Unnamed: 0,Number of Unique Items,Average Price,Number of Purchases,Total Revenue
0,183,$3.05,780,"$2,379.77"


## Gender Demographics

* Percentage and Count of Male Players


* Percentage and Count of Female Players


* Percentage and Count of Other / Non-Disclosed




In [4]:
demographics = pd_df.groupby('Gender', as_index=True)['Purchase ID'].count()
demographics_df= pd.DataFrame(demographics)

demographics_df=demographics_df.rename(columns ={'Purchase ID':'Total Count'})
tot_player = demographics_df['Total Count'].sum()
demographics_df['Percentage of Players'] = demographics_df['Total Count']/tot_player
demographics_df=demographics_df.style.format({'Percentage of Players': '{:.2%}'})
demographics_df

Unnamed: 0_level_0,Total Count,Percentage of Players
Gender,Unnamed: 1_level_1,Unnamed: 2_level_1
Female,113,14.49%
Male,652,83.59%
Other / Non-Disclosed,15,1.92%



## Purchasing Analysis (Gender)

* Run basic calculations to obtain purchase count, avg. purchase price, avg. purchase total per person etc. by gender




* Create a summary data frame to hold the results


* Optional: give the displayed data cleaner formatting


* Display the summary data frame

In [5]:
grpby_gender = pd_df.groupby('Gender')
Purchase_Count = grpby_gender['Purchase ID'].count()
Average_Price = grpby_gender['Price'].mean()
tot_purchase = grpby_gender['Price'].sum()
count_gender = grpby_gender.nunique()["SN"]
Average_Price_Per_Person= tot_purchase/count_gender
purchasing_analysis_df = pd.DataFrame(Purchase_Count)
purchasing_analysis_df=purchasing_analysis_df.rename(columns ={'Purchase ID':'Total Count'})
purchasing_analysis_df["Average Price"] = Average_Price
purchasing_analysis_df["Total Purchase Value"] = tot_purchase
purchasing_analysis_df["Avg Total Purchase per Person"] = Average_Price_Per_Person
purchasing_analysis_df

Unnamed: 0_level_0,Total Count,Average Price,Total Purchase Value,Avg Total Purchase per Person
Gender,Unnamed: 1_level_1,Unnamed: 2_level_1,Unnamed: 3_level_1,Unnamed: 4_level_1
Female,113,3.203009,361.94,4.468395
Male,652,3.017853,1967.64,4.065372
Other / Non-Disclosed,15,3.346,50.19,4.562727


## Age Demographics

* Establish bins for ages


* Categorize the existing players using the age bins. Hint: use pd.cut()

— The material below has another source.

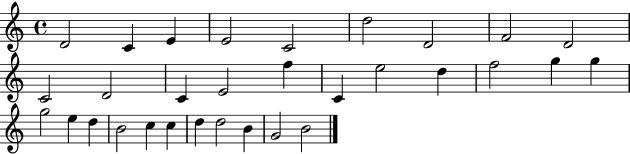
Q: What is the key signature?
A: C major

* Calculate the numbers and percentages by age group


* Create a summary data frame to hold the results


* Optional: round the percentage column to two decimal points


* Display Age Demographics Table


In [29]:
bins = [-1,9,14,19,24,29,34,39,1000000]
grp_names = ['<10','10-14','15-19','20-24','25-29','30-34','35-39','40+']
pd_df["Age Group"]= pd.cut(pd_df['Age'], bins, labels = grp_names)

grpby_agegrp = pd_df.groupby(['Age Group'])
total_count_age = grpby_agegrp["SN"].nunique()
percentage_by_age = (total_count_age/pd_count) 
age_demo_df = pd.DataFrame({"Percentage of Players": percentage_by_age, "Total Count": total_count_age})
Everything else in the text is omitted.